O’Mara and Williams wrote in a memo to legislators that they see legal use of psilocybin “on the horizon” and that their proposal would ensure “timely access to groundbreaking new treatments” once they could become available.

A growing body of research has shown that microdoses of psilocybin could be an effective tool for treating mental health illnesses. A 2022 study from researchers at Johns Hopkins Medicine found that such treatments have an antidepressant effect that may last more than a year for some patients.

This is not the first time lawmakers have weighed the potential benefits of psilocybin.

In 2022, Montgomery County Republican Sen. Tracy Pennycuick, then a state representative, championed a bill to establish clinical studies for psilocybin-assisted therapies. The legislation stalled in committee and has not been introduced in the current two-year legislative session.

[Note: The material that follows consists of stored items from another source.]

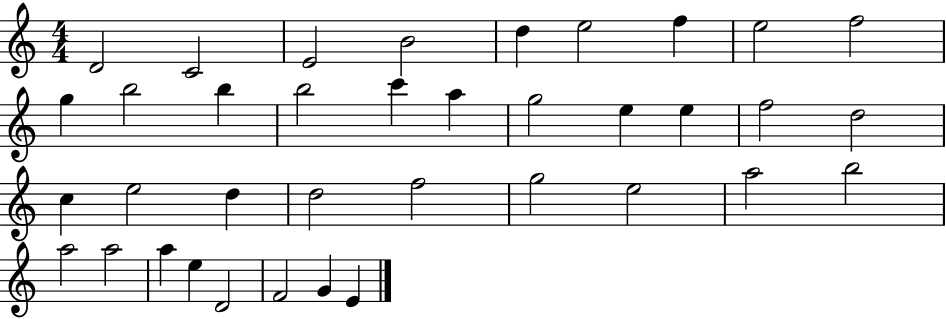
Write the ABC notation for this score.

X:1
T:Untitled
M:4/4
L:1/4
K:C
D2 C2 E2 B2 d e2 f e2 f2 g b2 b b2 c' a g2 e e f2 d2 c e2 d d2 f2 g2 e2 a2 b2 a2 a2 a e D2 F2 G E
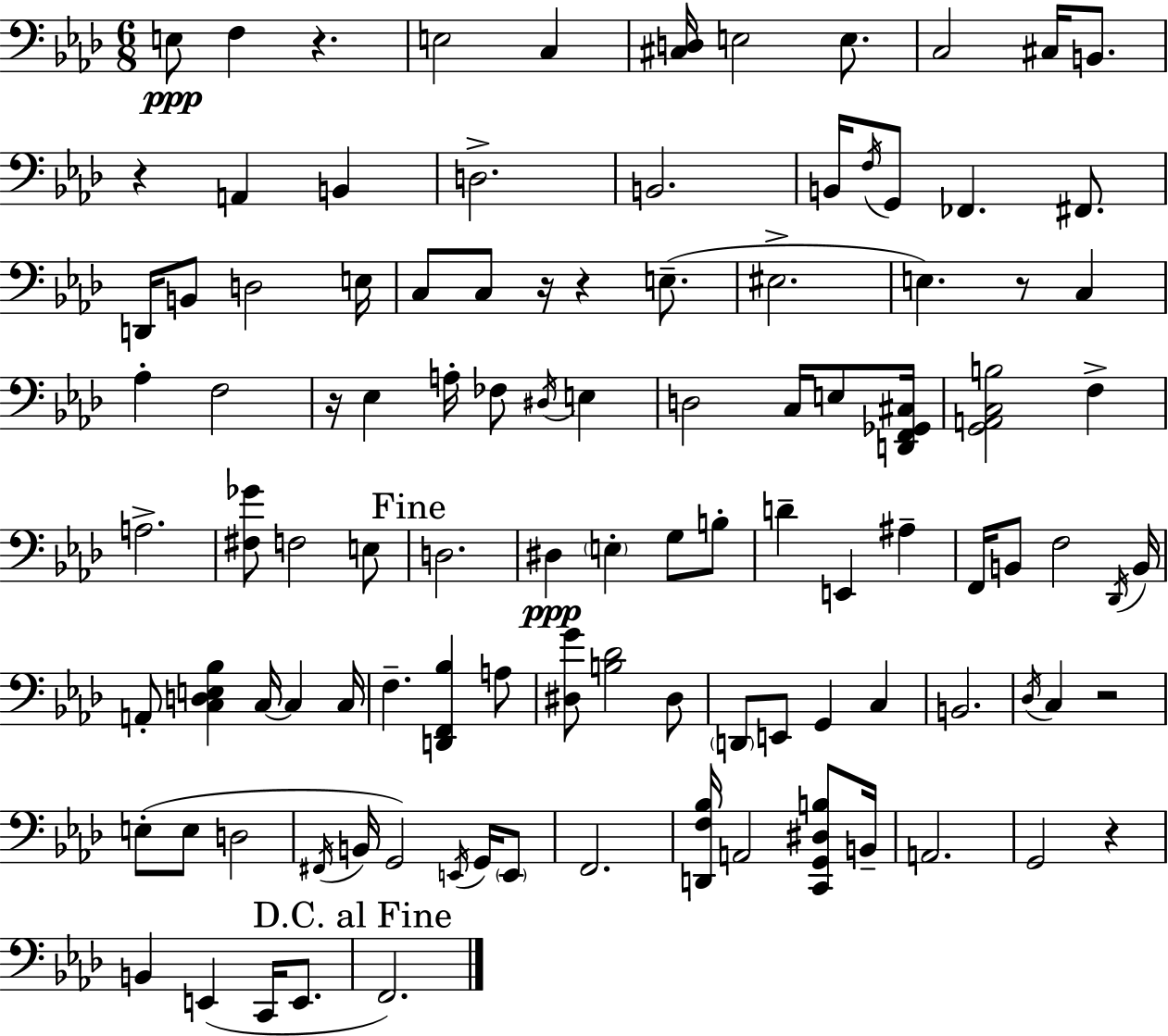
{
  \clef bass
  \numericTimeSignature
  \time 6/8
  \key aes \major
  e8\ppp f4 r4. | e2 c4 | <cis d>16 e2 e8. | c2 cis16 b,8. | \break r4 a,4 b,4 | d2.-> | b,2. | b,16 \acciaccatura { f16 } g,8 fes,4. fis,8. | \break d,16 b,8 d2 | e16 c8 c8 r16 r4 e8.--( | eis2.-> | e4.) r8 c4 | \break aes4-. f2 | r16 ees4 a16-. fes8 \acciaccatura { dis16 } e4 | d2 c16 e8 | <d, f, ges, cis>16 <g, a, c b>2 f4-> | \break a2.-> | <fis ges'>8 f2 | e8 \mark "Fine" d2. | dis4\ppp \parenthesize e4-. g8 | \break b8-. d'4-- e,4 ais4-- | f,16 b,8 f2 | \acciaccatura { des,16 } b,16 a,8-. <c d e bes>4 c16~~ c4 | c16 f4.-- <d, f, bes>4 | \break a8 <dis g'>8 <b des'>2 | dis8 \parenthesize d,8 e,8 g,4 c4 | b,2. | \acciaccatura { des16 } c4 r2 | \break e8-.( e8 d2 | \acciaccatura { fis,16 } b,16 g,2) | \acciaccatura { e,16 } g,16 \parenthesize e,8 f,2. | <d, f bes>16 a,2 | \break <c, g, dis b>8 b,16-- a,2. | g,2 | r4 b,4 e,4( | c,16 e,8. \mark "D.C. al Fine" f,2.) | \break \bar "|."
}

Pennycuick also sought support last year for a “right-to-try” psilocybin treatment proposal for veterans, but she did not formally introduce it. Her spokesman on Wednesday said she may propose the idea again later this year.

Changing course

Brett Waters is a New York attorney who co-founded the nonprofit Reason for Hope, which has advocated for psychedelic research legislation in Pennsylvania, New York, North Carolina and Florida. He told the panel of House Democrats that psilocybin has helped him overcome his fight with depression, anxiety and eating disorders.

After losing his mom to suicide in 2018, Waters said he used traditional antidepressants for about five years. He said he grew “dependent” on the medications and would suffer bouts of withdrawal if he missed doses.

“We believe psilocybin will be safer, more effective, more durable and with lower abuse potential,” Waters said. He pointed to the Centers for Disease Control and Prevention statistics that nearly 50,000 people died by suicide in 2023 to argue that a major change in mental health treatment is urgent.

State Rep. Mike Schlossberg, D-Lehigh, who has been vocal about his personal struggle with depression and anxiety, asked witnesses how to reduce the stigma of fighting mental health that he expects will prompt some GOP lawmakers to oppose psilocybin use.

Both Gardill and Waters said the issue transcends party.

Several other supporters of psilocybin treatments also testified, including Daniel Orr, a doctor working with the Pennsylvania Academy of Family Physicians; Michael Thase, professor of psychiatry at the University of Pennsylvania’s Perelman School of Medicine; and two representatives from Compass Pathways, a biotechnology company that develops psilocybin medications.